Le père de la victime, Éric Boudreault, a décidé de déposer une demande de révision auprès du comité de déontologie policière après que sa plainte déposée au Commissaire eut été rejetée le 28 février dernier. M. Boudreault visait dans sa plainte cinq policiers pour avoir « fait défaut de protéger sa fille malgré les différents signes ». Il visait les quatre agents qui étaient intervenus au dépanneur où travaillait Daphné Huard-Boudreault, le matin du drame, en plus de viser l’agente qui a accueilli la jeune femme au poste.
Rappelons que Daphné Huard-Boudreault a quitté le poste sur l’heure du midi pour aller chercher ses effets personnels dans l’appartement qu’elle partageait avec Pratte-Lops sur la rue Forest, à Mont-Saint-Hilaire. L’agente a insisté pour accompagner la victime, même si cette dernière ne voulait pas déranger la policière. Daphné a quitté le poste par la porte avant et la policière par la porte arrière. Daphné est arrivée chez elle quelques minutes avant la policière, qui est arrivée après le drame.
Un sujet clos, un autre à revoir
Le juge administratif Pierre Gagné maintient la décision du commissaire concernant les événements liés au dépanneur comme quoi les policiers n’avaient pas commis de manquement à leur travail. Il a demandé toutefois au Commissaire de poursuivre son enquête sur la visite de Daphné Huard-Boudreault au poste de police, et ce, dans un délai de 30 jours. « Il se peut que le délai imposé ne puisse pas être respecté en raison de la situation actuelle de la COVID-19. À la suite de son enquête, le Commissaire devra à nouveau rendre une décision. Si cette dernière ne satisfait pas M. Boudreault, il pourra toujours faire une autre demande de révision », explique la porte-parole du comité de déontologie policière.
Matière à arrestation?
Le comité veut savoir si un policier aurait dû procéder immédiatement à l’arrestation de Pratte-Lops avec les informations qu’il avait en main, et ce, même si la jeune femme ne voulait pas porter plainte.
En effet, Daphné Huard-Boudreault était venue au poste pour récupérer son mot de passe de son compte Facebook qui avait été trafiqué par son ex-petit ami. Ce dernier avait aussi volé son téléphone cellulaire et avait publié des messages concernant la jeune femme. Selon le juge administratif, ces faits permettaient aux policiers de conclure que Pratte-Lops harcelait la victime.
Pour appuyer sa décision, Pierre Gagné cite une directive policière qui explique notamment que la violence conjugale se manifeste par du harcèlement et que les forces de l’ordre doivent enquêter indépendamment de la volonté de la victime de porter plainte ou non.

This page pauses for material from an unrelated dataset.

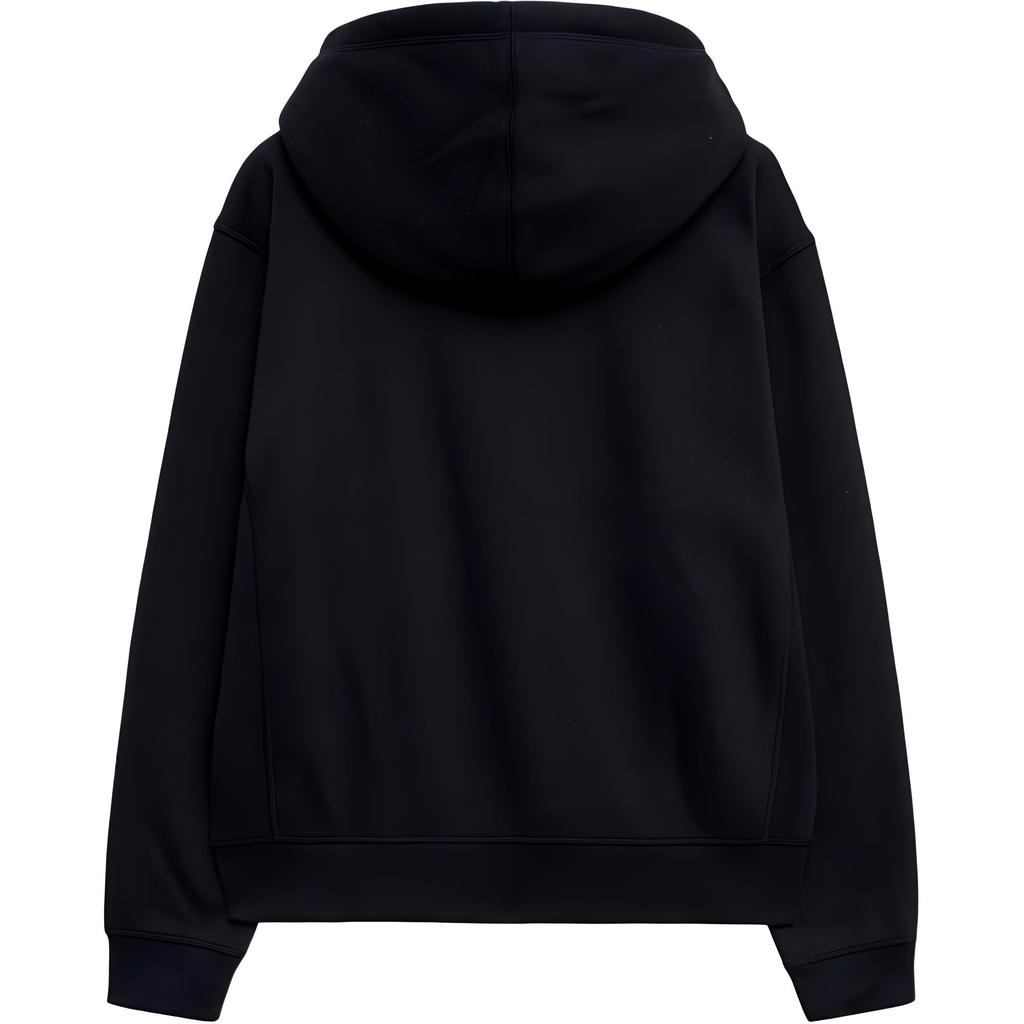 Puma Logo Embroidered Loose Fit Hooded Pullover Drop Shoulder Long Sleeve Sweatshirt Men Sweatshirt Black 940900-01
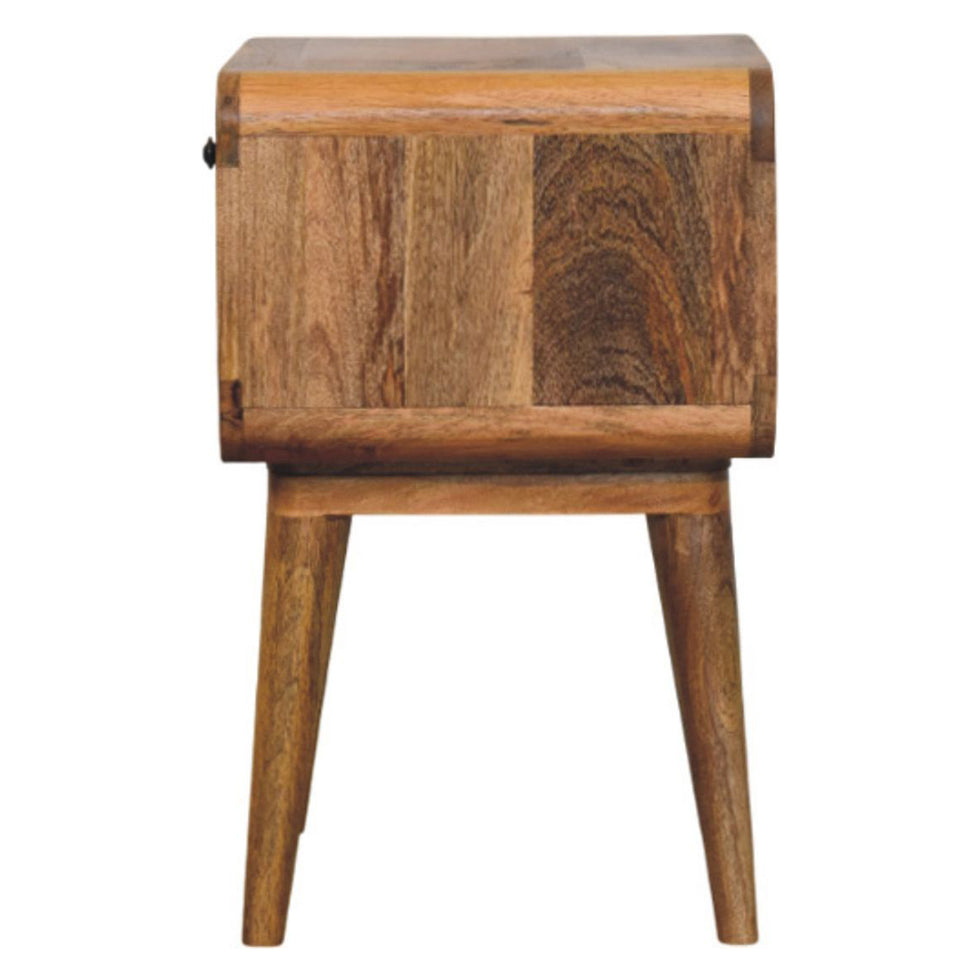 Artisan - Avora Oak-Ish Nightstand With Drawer And Open Slot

Des intervenants pour appuyer les policiers
Éric Boudreault a accepté de commenter ce dernier développement, lui qui est convaincu que Daphné n’a pas été protégée lors de l’intervention au dépanneur ainsi qu’au poste de police. « Les policiers savaient que Pratte l’avait volée, séquestrée dans sa voiture, intimidée devant les policiers qui l’ont même laissé entrer dans le dépanneur pour intimider ma fille pendant que les policiers lui demandaient si elle voulait porter plainte. »

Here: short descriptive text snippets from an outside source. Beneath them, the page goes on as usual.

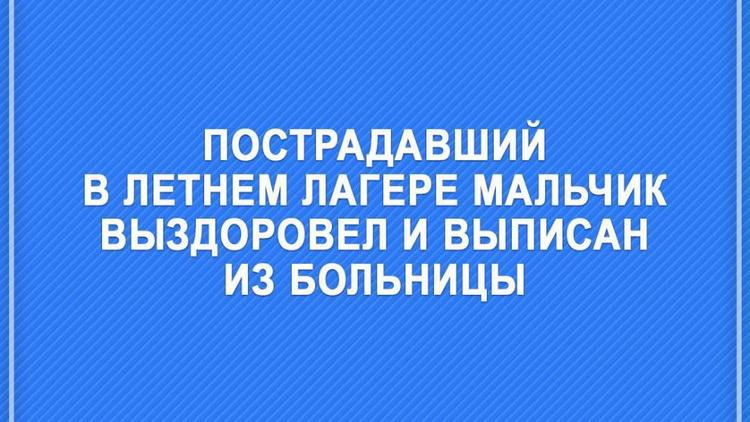Получившего травму глаза в невинномысском лагере мальчика выписали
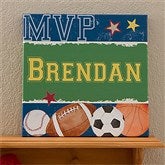 Ready, Set, Score Personalized Canvas Art - Name - 12971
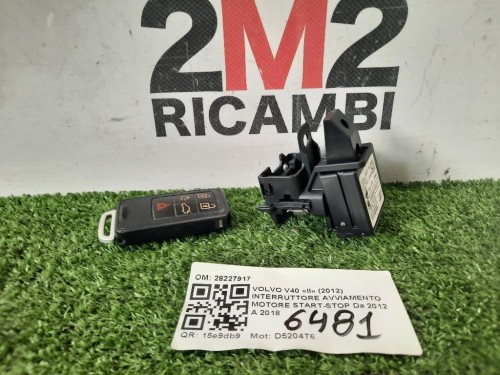 Interruttore Avviamento Motore Start-stop 28227917 Volvo V40 II 2012
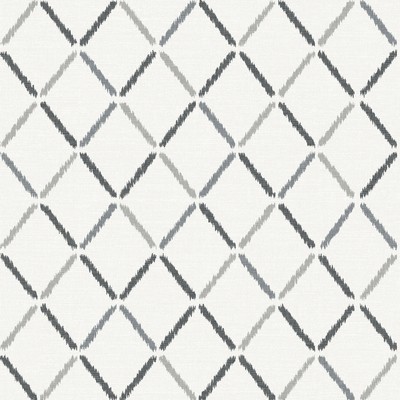 Brewster Wallcovering Allotrope Charcoal Linen Geometric Wallpaper Charcoal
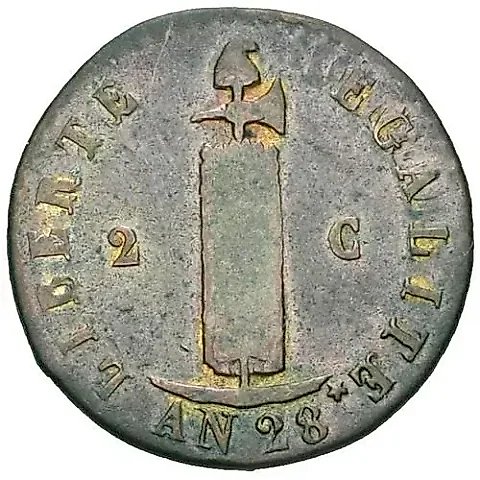 2 Centimes 1828-1842 [Haiti] — 1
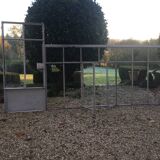 Old glass roof with door and window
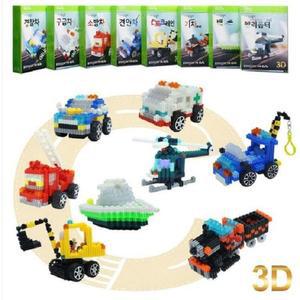 [이지피아] 툭툭블럭 교통기관 8종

Le père de la victime ne ménage aucun effort pour faire changer des choses. Il a témoigné en mars dernier devant le comité d’experts sur l’accompagnement des victimes d’agressions sexuelles et de violence conjugale. Il souhaite que la formation des policiers soit revue et que, dorénavant, des intervenants sociaux soient présents avec les policiers lors d’une intervention.
M. Boudreault a été accompagné notamment dans sa demande de révision par l’Association des familles de personnes disparues du Québec (AFPAD) et de sa directrice générale, Nancy Roy. « Tant que personne ne se sera tenu imputable, nous continuons la bataille, ajoute Mme Roy. Il y aura aussi d’autres démarches entreprises dans le dossier de Daphné Huard-Boudreault auprès de la Commission des droits de la personne. »
De son côté, la Régie intermunicipale de police Richelieu–Saint-Laurent s’est abstenue de tout commentaire.
Rappelons qu’au printemps 2019, le Directeur des poursuites criminelles et pénales avait décidé de ne pas déposer d’accusations criminelles contre les policiers. Quelques semaines plus tard, au lieu de subir un procès, Pratte-Lops avait accepté de plaider coupable de meurtre non prémédité. Il a eu une peine d’emprisonnement à vie avec une possibilité de libération conditionnelle après 18 ans de détention.